• [PROBLEM TO SOLVE]: Would you transcribe exactly the lines from the beginning of the records below through the line with "Real patient results", both included, omitting the pictures?

• [EXERCISE MATERIALS]:
-*-*-

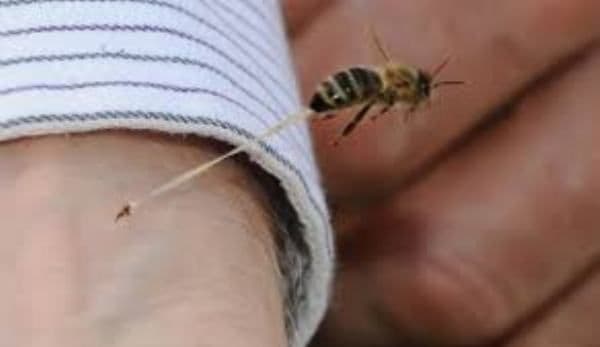 Cum să tratezi acasă înțepăturile de insecte. Uite cât de simplu e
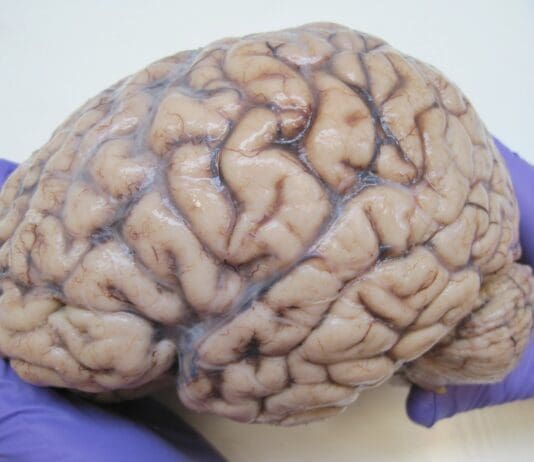 The Leave Campaign And Reform UK Have Exposed An Uncomfortable Truth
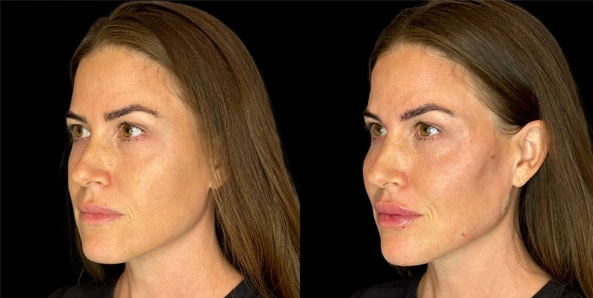 Real patient results before and after plastic surgery results in Bend, OR, performed by at W Aesthetics & Wellness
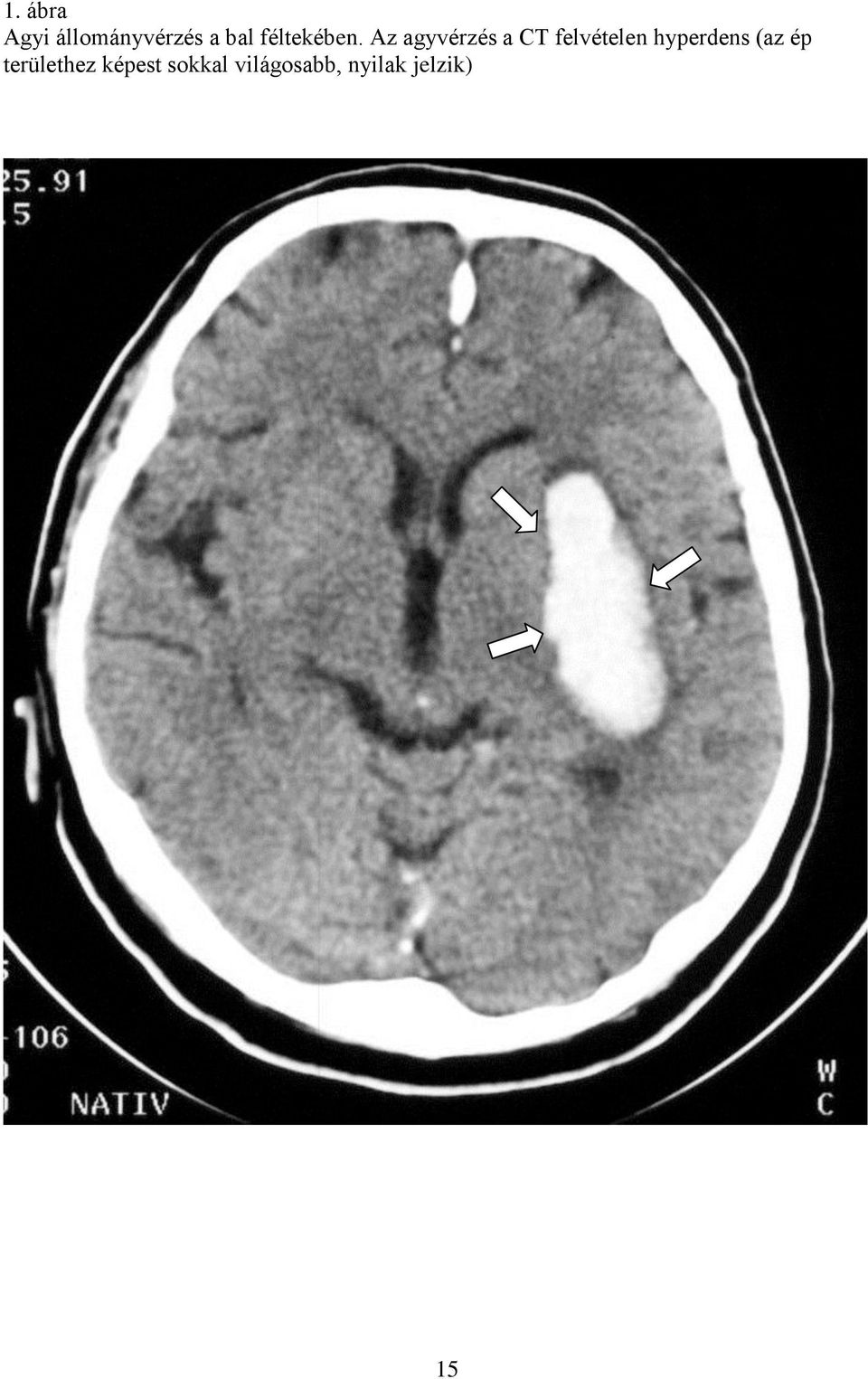 Az agyvérzés a CT felvételen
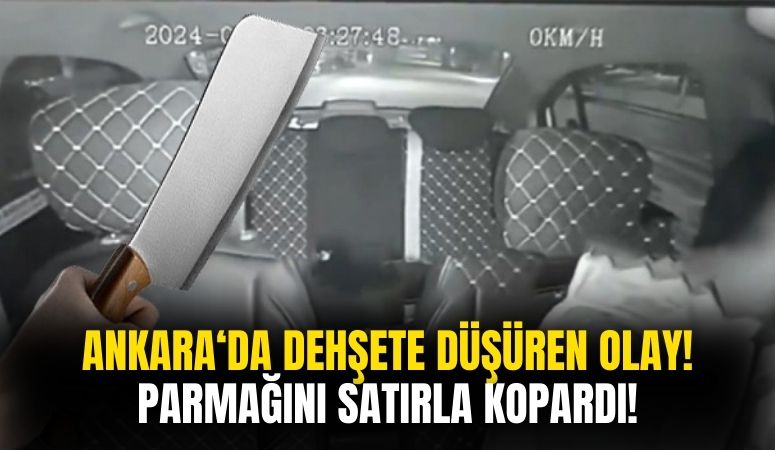 Ankara'da Bir Taksici Satırlı Saldırıya Uğradı! Parmağı Koptu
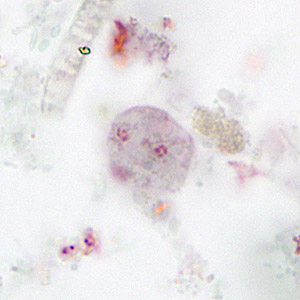D_fragilis_binuc_HSB_MCS2.jpg Figure C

-*-*-

• [RESPONSE TO THE TASK]:
 Cum să tratezi acasă înțepăturile de insecte. Uite cât de simplu e
 The Leave Campaign And Reform UK Have Exposed An Uncomfortable Truth
 Real patient results before and after plastic surgery results in Bend, OR, performed by at W Aesthetics & Wellness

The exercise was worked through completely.